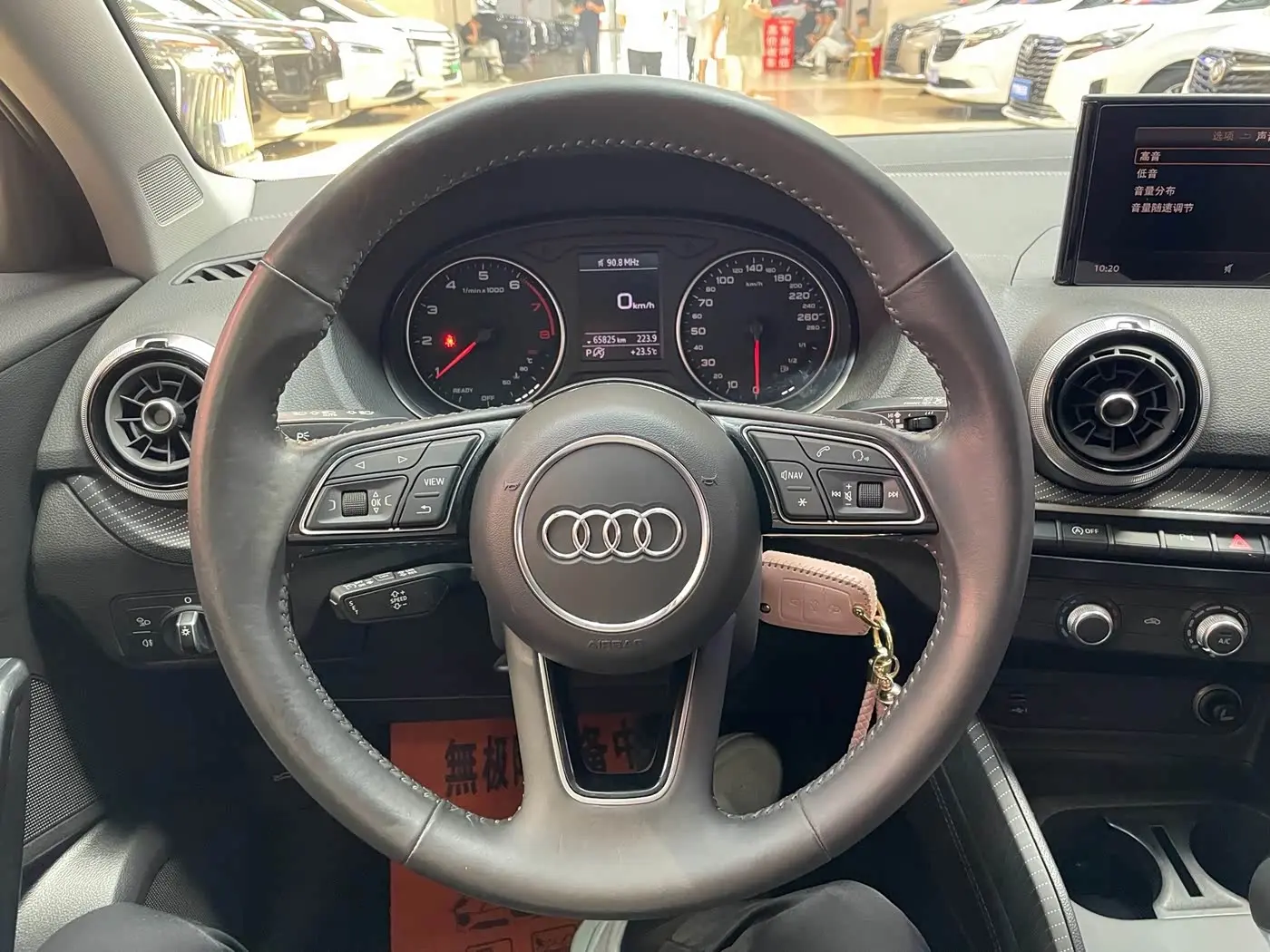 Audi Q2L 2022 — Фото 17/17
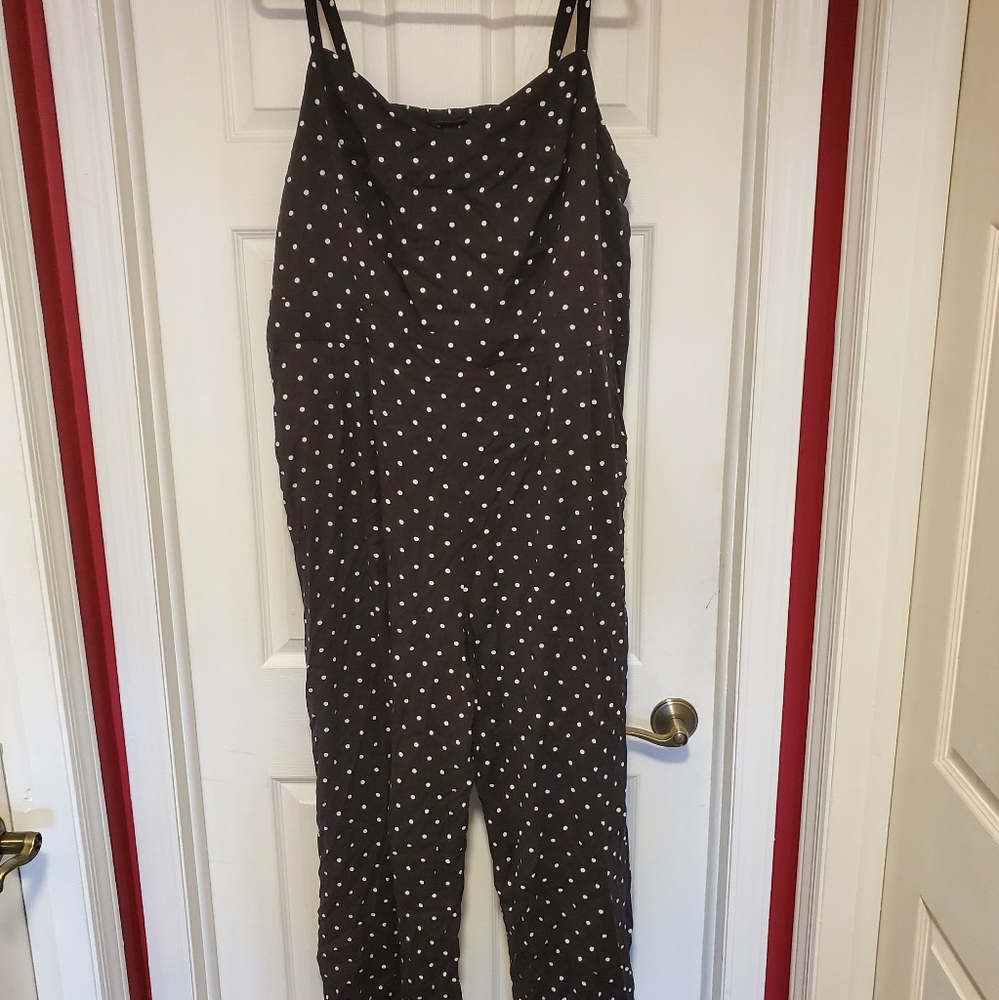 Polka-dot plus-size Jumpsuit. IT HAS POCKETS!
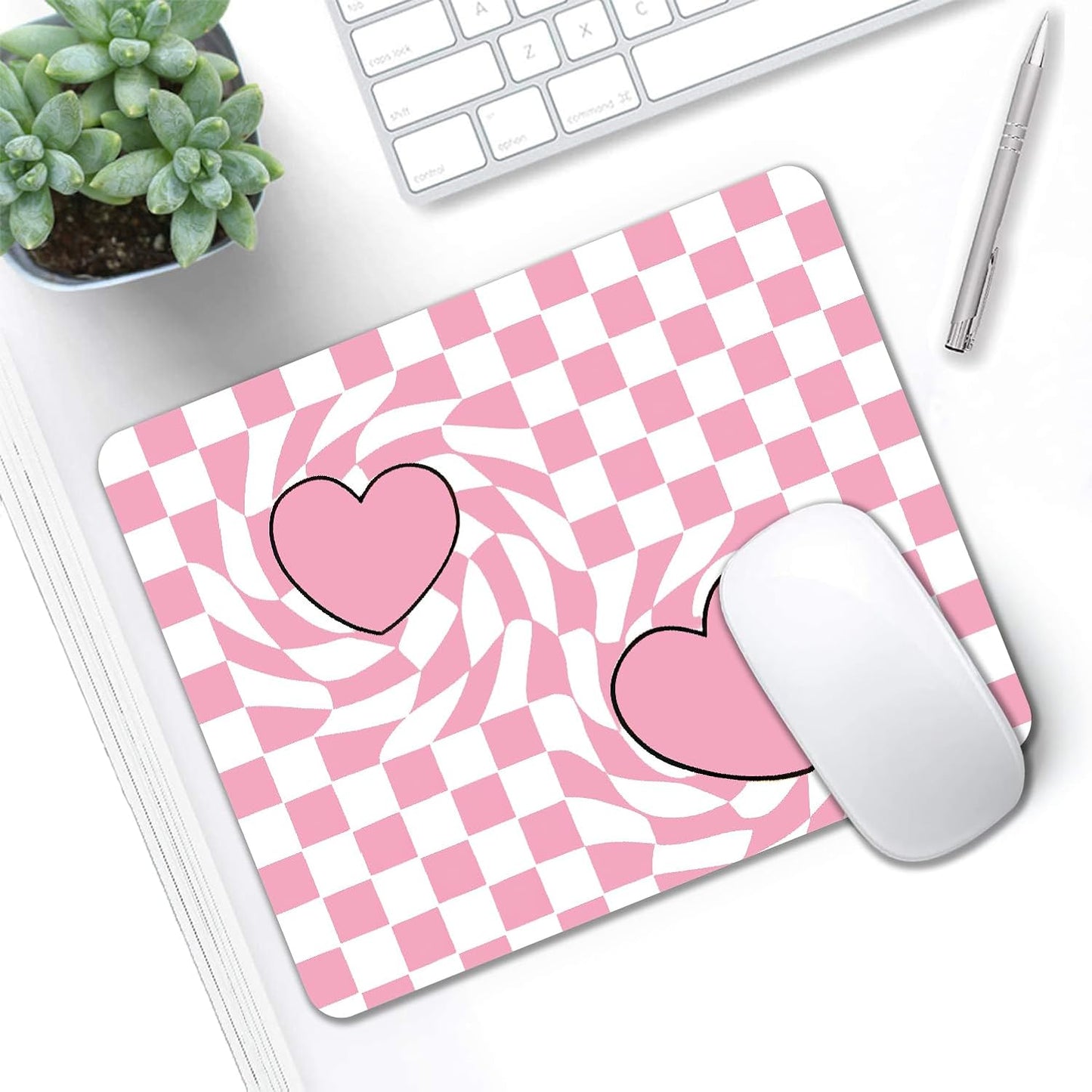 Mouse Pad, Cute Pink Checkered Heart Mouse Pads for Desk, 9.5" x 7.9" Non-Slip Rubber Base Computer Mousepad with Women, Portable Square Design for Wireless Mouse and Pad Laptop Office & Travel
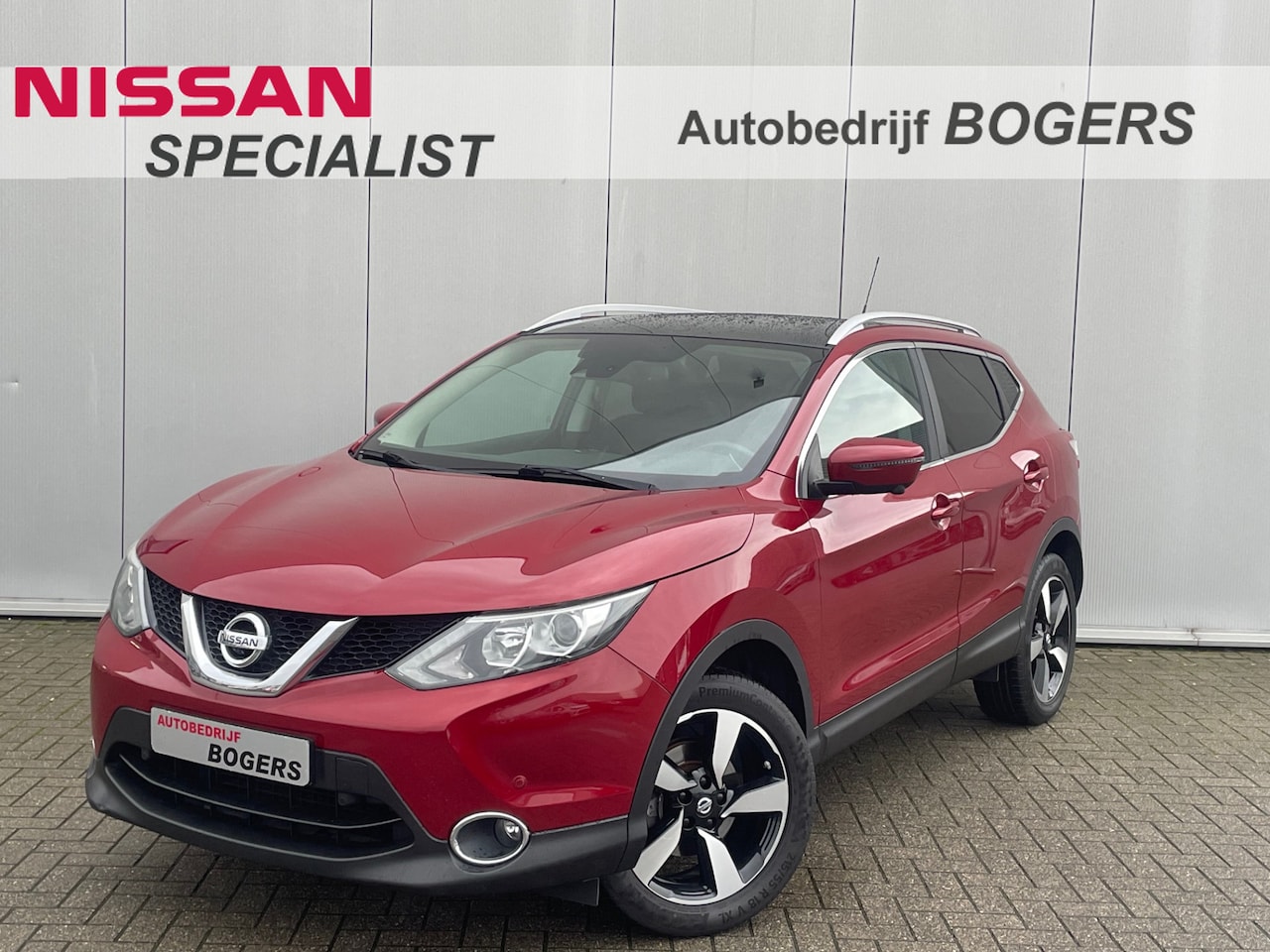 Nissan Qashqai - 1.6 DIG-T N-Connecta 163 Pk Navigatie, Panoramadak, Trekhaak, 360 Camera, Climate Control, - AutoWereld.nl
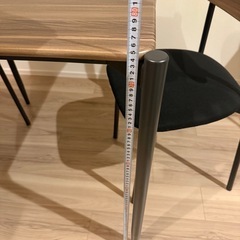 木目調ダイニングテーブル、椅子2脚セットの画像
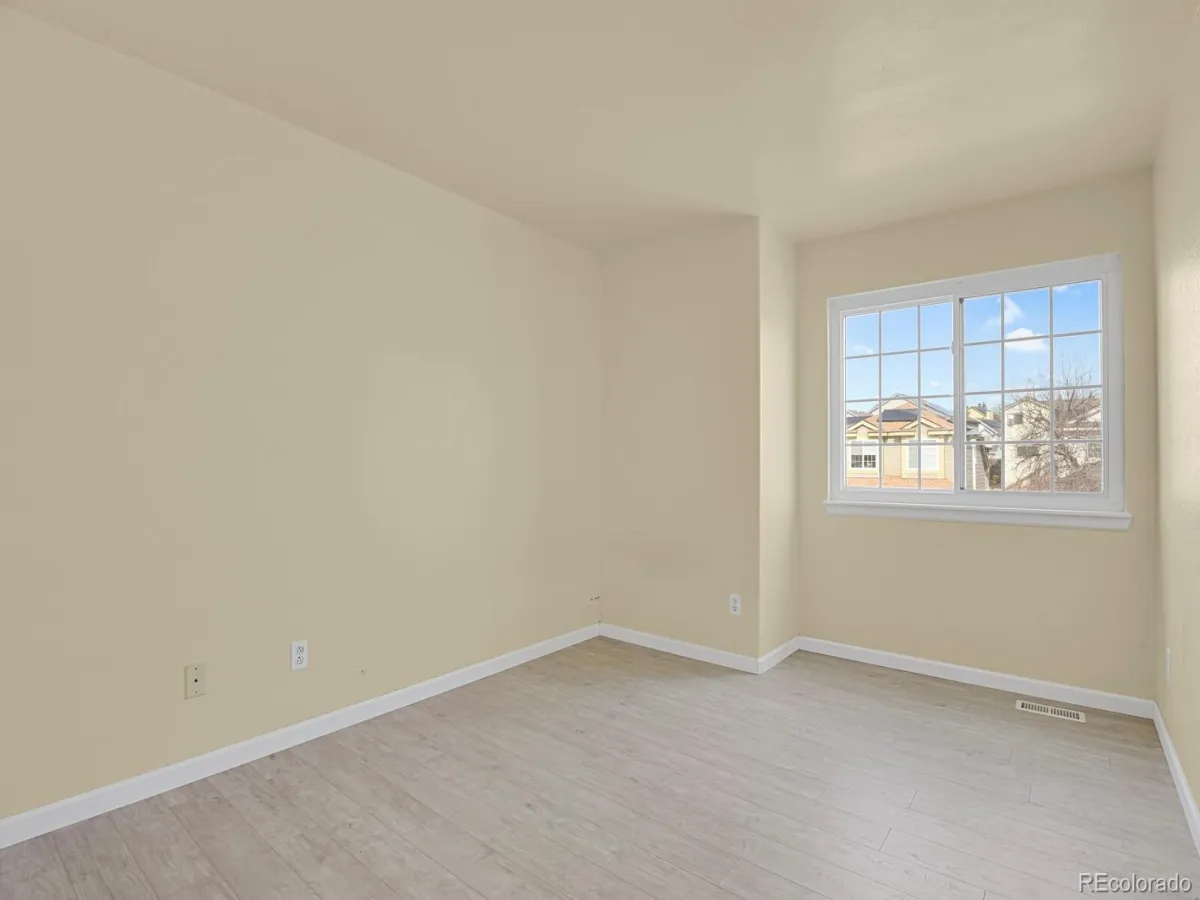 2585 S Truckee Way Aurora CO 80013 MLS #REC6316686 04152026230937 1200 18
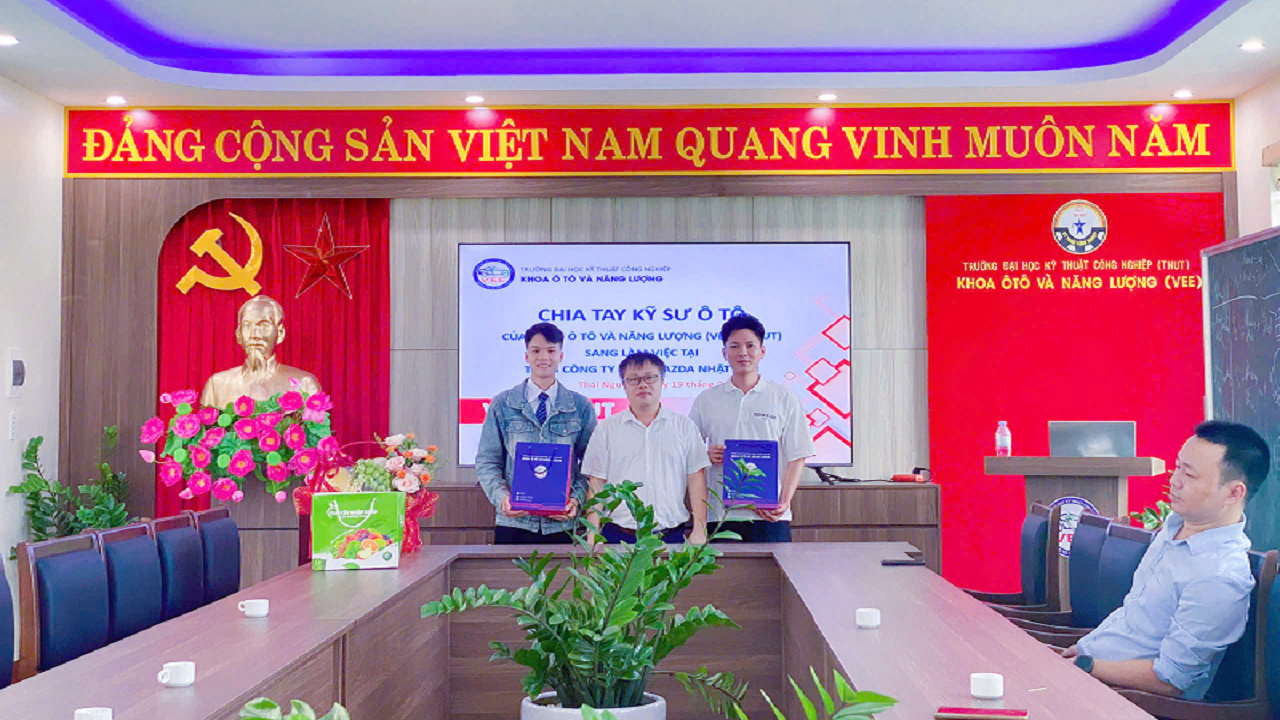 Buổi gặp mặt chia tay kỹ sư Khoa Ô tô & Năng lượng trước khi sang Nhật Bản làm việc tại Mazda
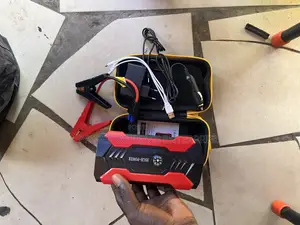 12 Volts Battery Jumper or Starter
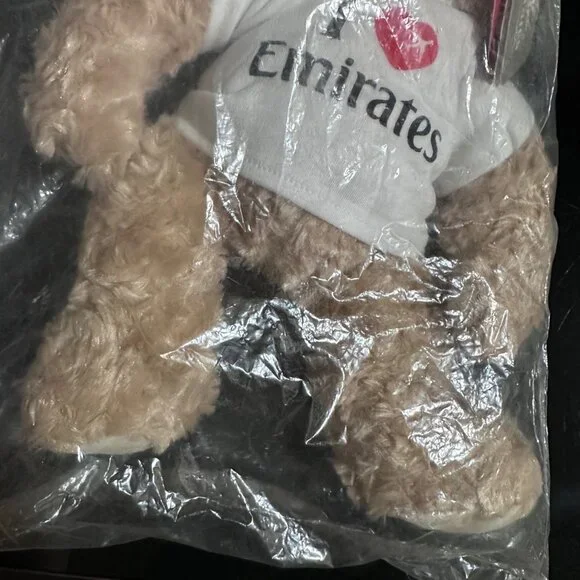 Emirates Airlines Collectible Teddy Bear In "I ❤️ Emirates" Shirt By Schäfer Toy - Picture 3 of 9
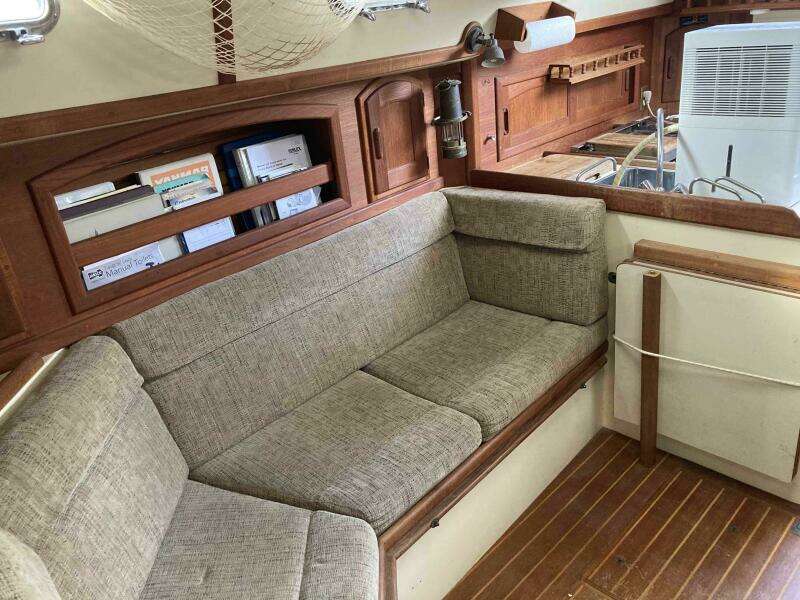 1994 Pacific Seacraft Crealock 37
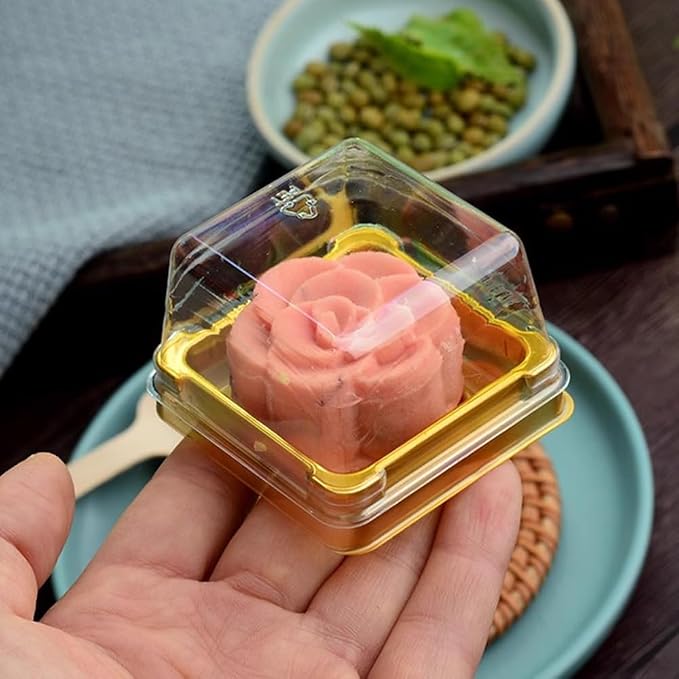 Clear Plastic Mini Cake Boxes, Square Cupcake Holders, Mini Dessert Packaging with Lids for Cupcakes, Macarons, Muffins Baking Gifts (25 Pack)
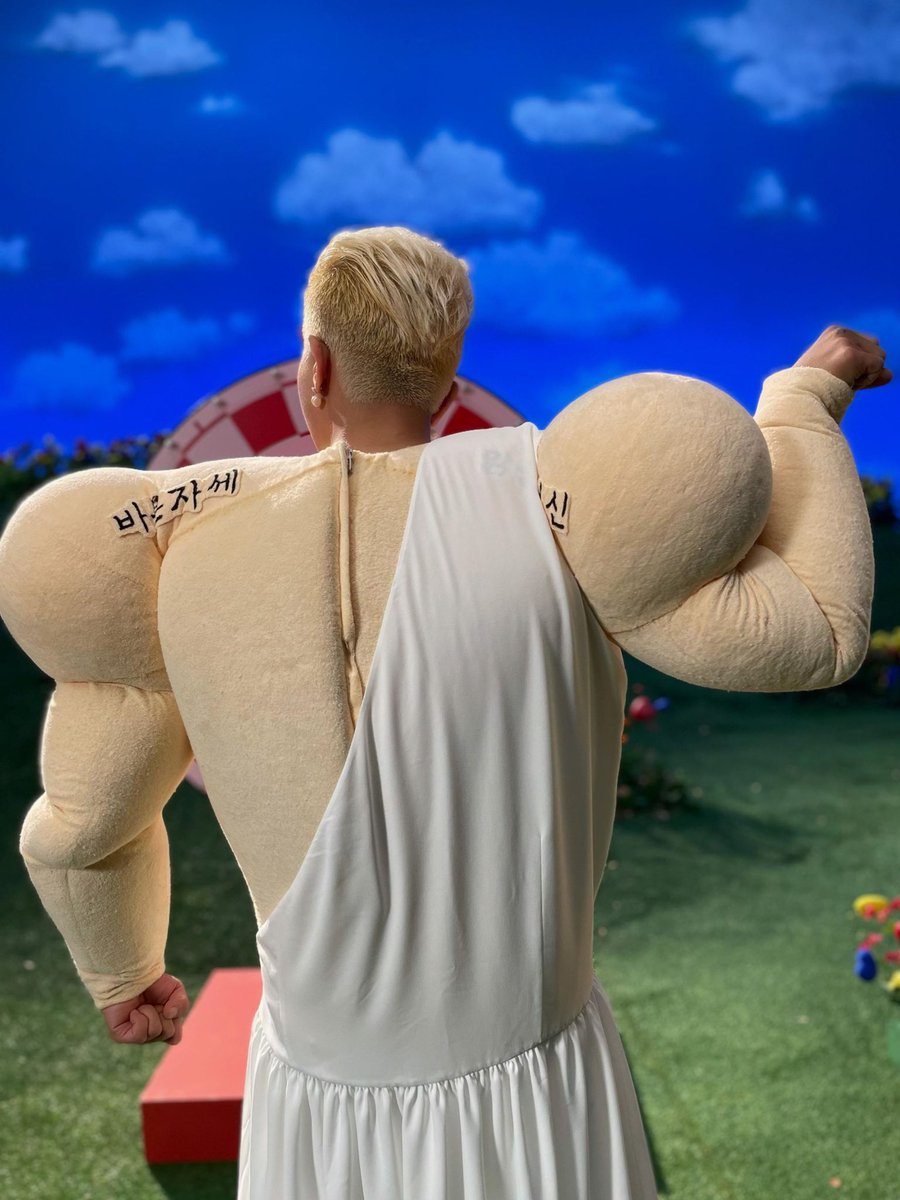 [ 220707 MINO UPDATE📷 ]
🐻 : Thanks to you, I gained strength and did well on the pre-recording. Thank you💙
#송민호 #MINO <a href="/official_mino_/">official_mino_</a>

*AIM OF THE EXERCISE:*
Whenever images occur above, omit them and retype each line exactly as it stands.

*SOLUTION TO THE PROBLEM:*
 Audi Q2L 2022 — Фото 17/17
 Polka-dot plus-size Jumpsuit. IT HAS POCKETS!
 Mouse Pad, Cute Pink Checkered Heart Mouse Pads for Desk, 9.5" x 7.9" Non-Slip Rubber Base Computer Mousepad with Women, Portable Square Design for Wireless Mouse and Pad Laptop Office & Travel
 Nissan Qashqai - 1.6 DIG-T N-Connecta 163 Pk Navigatie, Panoramadak, Trekhaak, 360 Camera, Climate Control, - AutoWereld.nl
 木目調ダイニングテーブル、椅子2脚セットの画像
 2585 S Truckee Way Aurora CO 80013 MLS #REC6316686 04152026230937 1200 18
 Buổi gặp mặt chia tay kỹ sư Khoa Ô tô & Năng lượng trước khi sang Nhật Bản làm việc tại Mazda
 12 Volts Battery Jumper or Starter
 Emirates Airlines Collectible Teddy Bear In "I ❤️ Emirates" Shirt By Schäfer Toy - Picture 3 of 9
 1994 Pacific Seacraft Crealock 37
 Clear Plastic Mini Cake Boxes, Square Cupcake Holders, Mini Dessert Packaging with Lids for Cupcakes, Macarons, Muffins Baking Gifts (25 Pack)
 [ 220707 MINO UPDATE📷 ]
🐻 : Thanks to you, I gained strength and did well on the pre-recording. Thank you💙
#송민호 #MINO <a href="/official_mino_/">official_mino_</a>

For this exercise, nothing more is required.